Üç ufuk açıcı olay, Arabuluculuğun gelişiminin temelini ve dayanağını oluşturmaktadır.
İlk etkinlik, Harvard Hukuk Fakültesi'nden Profesör Sander'in geleneksel davalara olan bağımlılığı azaltmak ve diğer Uyuşmazlık Çözümü biçimlerini kullanma konusundaki isteksizliğin üstesinden gelmek için Müzakere, Tahkim ve Arabuluculuk gibi Alternatif Uyuşmazlık Çözümü sistemlerini önerdiği ABD'nin Minnesota eyaletinde düzenlenen Pound Konferansı'dır (1976).
İkinci etkinlik ise, Singapur'da düzenlendiği için gayri resmi olarak Singapur Arabuluculuk Sözleşmesi olarak da adlandırılan Arabuluculuk Sonucu Uluslararası Uzlaşma Anlaşmalarına İlişkin Birleşmiş Milletler Sözleşmesi'dir. Bu anlaşma Ağustos 2019'da 52 ülke tarafından imzalanmış ve 12 Eylül 2020'de yürürlüğe girmiştir. Bu sözleşme ile Arabuluculuk, dünya genelinde ilk kez diğer Alternatif Uyuşmazlık Çözümü biçimleriyle eşit statüye ve tanınırlığa sahip olmuştur.
Üçüncü olay ise COVID nedeniyle mevcut belirsizlik durumu ve buna bağlı çatışma potansiyelidir. Bunlar çatışmanın barışçıl yollarla çözülmesi ihtiyacını doğurur. Arabuluculuk bu ihtiyaca da cevap vermektedir.
Bununla birlikte, Singapur Sözleşmesinin kapsamı, Arabuluculuk sonucunda ortaya çıkan Ticari Uluslararası Uzlaşma Anlaşmaları ile sınırlıdır:
- Uzlaşma anlaşmasının en az iki tarafının iş yerlerinin ayrı Devletlerde olması.
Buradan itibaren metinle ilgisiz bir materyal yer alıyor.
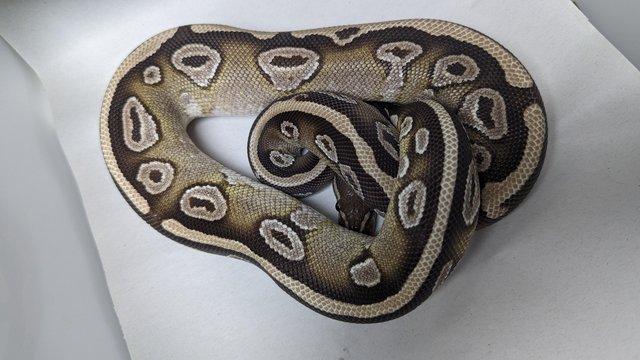 Image 24 of Whole collection of royal pythons for sale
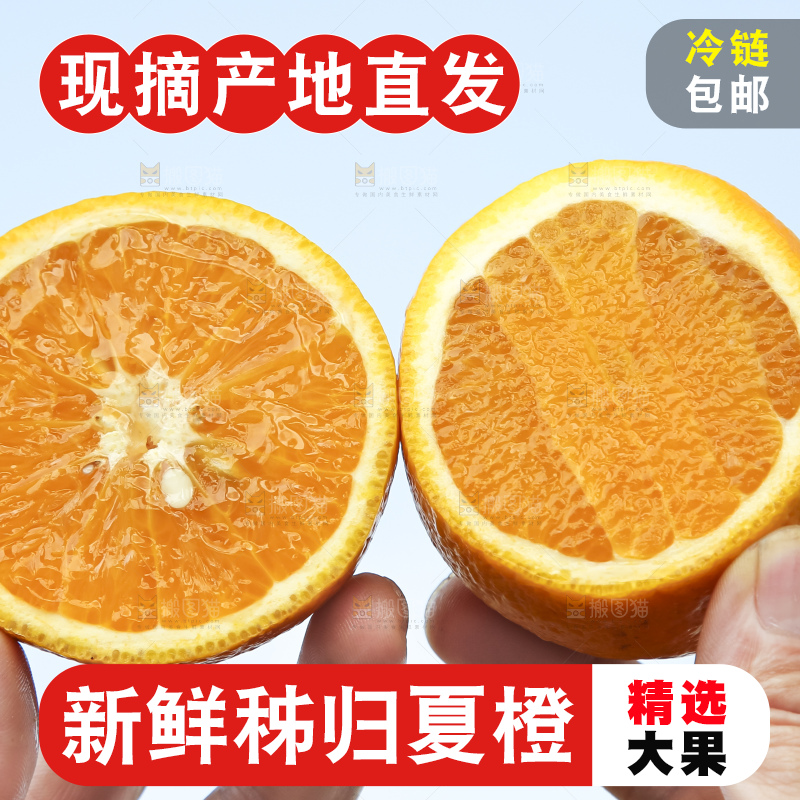 手拿切开的夏橙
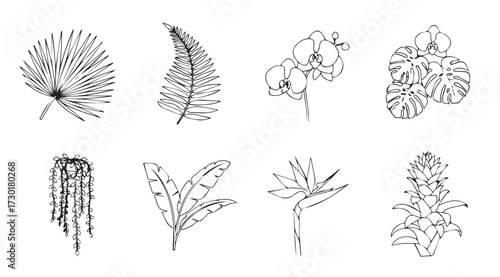 Vector art of tropical plants on white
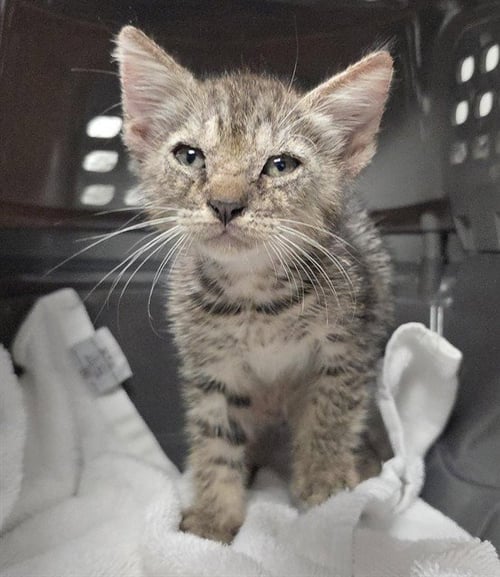 GOOSE - Domestic Short Hair available for adoption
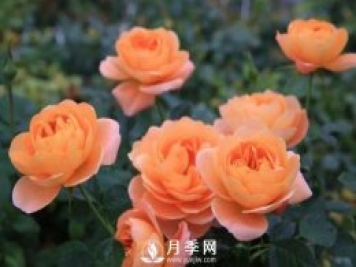 月季萌發(fā)新枝時，應該如何施肥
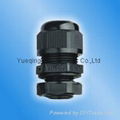High quality Cable Gland  1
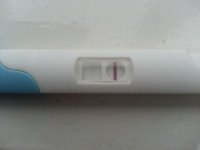 TESCOTEST1.jpg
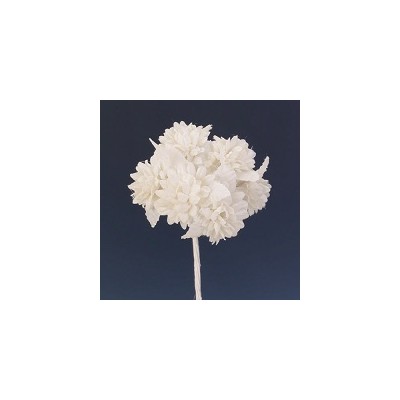 Pomito flor mini tela zinnia x 6 blanco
- Uzlaşma anlaşmasının taraflarının iş yerlerinin bulunduğu Devletler aşağıdakilerden farklıdır: -
- Uzlaşma kapsamındaki yükümlülüklerin önemli bir kısmının yerine getirildiği Devlet.
- Uzlaşma anlaşmasının konusunun en karmaşık şekilde bağlantılı olduğu Devlet.
Singapur Sözleşmesi aşağıdakiler için geçerli DEĞİLDİR: -
- Tüketici işlemleri ya da aile mirası veya İş hukuku ile ilgili arabuluculuk.
- Uzlaşma anlaşmaları: -
- Bir Mahkeme tarafından onaylanmış veya bir Mahkeme önündeki yargılama sırasında sonuçlandırılmış olan; ve
- Bu kararlar, söz konusu Mahkeme'nin Eyaleti'nde hüküm olarak icra edilebilir.
- Kayda geçirilmiş ve Hakem Kararı olarak uygulanabilir olan uzlaşma anlaşmaları.
Bu sınırlamalara rağmen, Singapur Arabuluculuk Sözleşmesi (2019) önemlidir, çünkü bu sıçrama ile Arabuluculuk daha önce hiç olmadığı kadar büyük bir itibar, önem, tanınma ve diğer Alternatif Uyuşmazlık Çözümü biçimleriyle eşit itibar kazanmaktadır.
Daha önce, 1958 yılında düzenlenen New York Sözleşmesi (UNCITRAL veya Birleşmiş Milletler Uluslararası Ticari Tahkim Konferansı olarak da adlandırılır) Yabancı Hakem Kararlarının tenfizini tanımıştır; Benzer şekilde, 1971 yılında düzenlenen Lahey Sözleşmesi, bir ülkenin adli makamları tarafından verilen Medeni ve Ticari Konulardaki Yabancı Kararların diğer imzacı ülkelerde tenfizini tanımıştır.
Arabuluculuğun, paylaşıma ve her iki taraf için de kazan-kazana vurgu yapan barışçıl bir uyuşmazlık çözme yöntemi olduğuna dair farkındalığın artmasıyla birlikte, "Arabuluculuk, aile içi uyuşmazlıklar da dahil olmak üzere, tüm uyuşmazlık alanlarında olmasa da pek çok alanda Alternatif Uyuşmazlık Çözümünde ön sıralarda yer alabilir! Bu sadece bir zaman meselesi!!!!
Bir başlangıç yapıldı!!!!
Bu sadece bir zaman meselesi!!!!
Bununla Arabuluculuk yolculuğumuza başlıyoruz!!!!